Optimal stable options correspond to alphabetic a.k.a. Hu-Tucker codes, or equivalently, optimal binary search trees.

While these approaches principally work, the overhead for finding the merging order easily exceeds the benefit gained. Recall that even in the specifically crafted example above, the improvement was to replace a multiplicative $\lg\lg n$ by $2$, which, in this universe, is a speedup by a factor of 2–3 really. So if such an optimized mergesort is to result in an overall faster sorting method, the merging order must be found with negligible overhead.

## Nearly-optimal mergesort

We therefore rely on methods to compute
*nearly-optimal binary search trees*, simple linear-time methods that compute
search trees that are within a small additive constant of the entropy
(and thus the optimal tree).
They consist in greedily choosing the root so as to balance the topmost split
as much as possible, and recursively build the subtrees.
There are several variants that differ in the details.

**Method 1**, a.k.a. the*weight-balancing rule,*is described in one of Kurt Mehlhorn’s earliest papers ever:*Nearly Optimal Binary Search Trees*. It uses the most straight-forward way to recurse.**Method 2**, a.k.a. the*bisection rule,*was proposed by Kurt Mehlhorn shortly after that in*A Best Possible Bounds for the Weighted Path Length of Binary Search Trees*. It continues halving the original interval irrespective of the actual split at the root.
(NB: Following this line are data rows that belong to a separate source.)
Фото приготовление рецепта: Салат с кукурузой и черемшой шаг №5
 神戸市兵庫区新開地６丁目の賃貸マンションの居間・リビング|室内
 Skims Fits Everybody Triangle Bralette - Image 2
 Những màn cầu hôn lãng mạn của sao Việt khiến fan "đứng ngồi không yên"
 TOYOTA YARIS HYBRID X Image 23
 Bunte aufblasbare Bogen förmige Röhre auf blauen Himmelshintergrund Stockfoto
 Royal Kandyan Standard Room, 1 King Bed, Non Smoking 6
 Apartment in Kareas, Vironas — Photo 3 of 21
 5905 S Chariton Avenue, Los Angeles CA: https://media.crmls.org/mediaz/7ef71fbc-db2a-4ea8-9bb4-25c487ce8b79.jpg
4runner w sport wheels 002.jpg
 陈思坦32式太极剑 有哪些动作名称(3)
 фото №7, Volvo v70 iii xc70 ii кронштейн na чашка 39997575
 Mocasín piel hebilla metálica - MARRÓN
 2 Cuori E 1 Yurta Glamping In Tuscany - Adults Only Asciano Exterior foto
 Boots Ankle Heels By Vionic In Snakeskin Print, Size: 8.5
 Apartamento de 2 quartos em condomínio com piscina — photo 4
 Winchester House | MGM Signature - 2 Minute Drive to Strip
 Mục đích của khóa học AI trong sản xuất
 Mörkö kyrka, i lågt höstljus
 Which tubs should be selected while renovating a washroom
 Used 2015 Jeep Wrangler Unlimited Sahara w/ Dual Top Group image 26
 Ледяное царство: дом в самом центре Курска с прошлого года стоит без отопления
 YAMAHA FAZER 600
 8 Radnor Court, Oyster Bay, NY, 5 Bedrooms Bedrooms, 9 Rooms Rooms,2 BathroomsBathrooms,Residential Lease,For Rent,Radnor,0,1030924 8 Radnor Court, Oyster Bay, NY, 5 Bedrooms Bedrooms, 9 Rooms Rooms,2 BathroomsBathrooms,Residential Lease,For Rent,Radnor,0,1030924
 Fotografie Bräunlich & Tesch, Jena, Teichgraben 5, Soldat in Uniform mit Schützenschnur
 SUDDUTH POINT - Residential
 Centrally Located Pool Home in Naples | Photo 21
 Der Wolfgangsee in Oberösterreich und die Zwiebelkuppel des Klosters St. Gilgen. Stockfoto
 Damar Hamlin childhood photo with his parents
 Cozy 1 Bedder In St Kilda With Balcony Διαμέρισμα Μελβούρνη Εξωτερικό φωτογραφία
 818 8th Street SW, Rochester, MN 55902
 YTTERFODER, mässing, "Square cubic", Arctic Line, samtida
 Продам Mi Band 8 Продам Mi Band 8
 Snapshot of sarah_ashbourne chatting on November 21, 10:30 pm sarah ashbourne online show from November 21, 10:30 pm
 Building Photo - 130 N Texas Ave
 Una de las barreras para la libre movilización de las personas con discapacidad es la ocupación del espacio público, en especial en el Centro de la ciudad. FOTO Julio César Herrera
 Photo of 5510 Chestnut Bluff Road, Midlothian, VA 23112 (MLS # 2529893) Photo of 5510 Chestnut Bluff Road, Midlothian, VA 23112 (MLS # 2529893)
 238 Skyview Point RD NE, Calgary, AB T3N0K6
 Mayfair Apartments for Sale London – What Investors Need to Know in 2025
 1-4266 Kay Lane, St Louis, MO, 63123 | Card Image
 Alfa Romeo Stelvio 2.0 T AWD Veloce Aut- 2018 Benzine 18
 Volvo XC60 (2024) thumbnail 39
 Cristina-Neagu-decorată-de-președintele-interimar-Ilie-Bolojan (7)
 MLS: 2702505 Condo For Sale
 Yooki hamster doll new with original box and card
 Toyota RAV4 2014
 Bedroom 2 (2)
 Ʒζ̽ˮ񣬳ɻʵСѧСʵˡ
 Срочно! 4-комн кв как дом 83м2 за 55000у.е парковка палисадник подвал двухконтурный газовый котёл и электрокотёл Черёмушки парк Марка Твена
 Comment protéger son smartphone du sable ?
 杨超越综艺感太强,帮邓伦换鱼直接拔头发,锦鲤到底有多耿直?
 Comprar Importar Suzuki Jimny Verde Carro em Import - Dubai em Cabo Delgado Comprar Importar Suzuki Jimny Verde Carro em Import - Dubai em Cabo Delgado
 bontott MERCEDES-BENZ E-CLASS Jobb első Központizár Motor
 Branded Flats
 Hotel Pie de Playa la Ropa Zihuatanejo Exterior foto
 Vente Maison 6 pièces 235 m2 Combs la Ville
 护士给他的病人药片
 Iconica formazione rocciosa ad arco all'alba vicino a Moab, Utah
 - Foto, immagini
Figure 1 in the paper illustrates the two methods.

### Peeksort

Method 1 leads to *peeksort:* we simulate cutting the probability in half
by *finding the run boundary closest to the middle of the array.*
We can do that by simply scanning left and right from the middle, until
we find the first out-of-order pair.
With two additional indices passed down to the recursive calls, we can avoid
every scanning the same run twice in this “peeking-at-the-middle” process.

The awesome property of peeksort is that we do *not* have to detect the runs
*up front;* we can delay this step until we really need to know a boundary.
In case the input does not contain long runs, we do not much more work
than standard top-down mergesort.

### Powersort

Method 2—or, indeed *Method 2’,* a slight modification of the
bisection rule—is the basis for *powersort*.

This method is much more similar to Timsort than to standard mergesort: it proceeds in one pass from left to right over the input, and detects the next run in the input. For each new run, we may decide to do some merges now, or we delay them and keep the runs on a to-do-stack.

While Timsort uses a rather complicated set of rules to decide what and when to merge,
powersort assigns each adjacent pair of runs an easy to compute integer,
its *“power”* and upon arrival of a new pair,
simply executes all postponed merges of higher power.

Like peeksort, powersort provably adapts optimally to existing runs (up to linear terms),
something Timsort provably does *not*.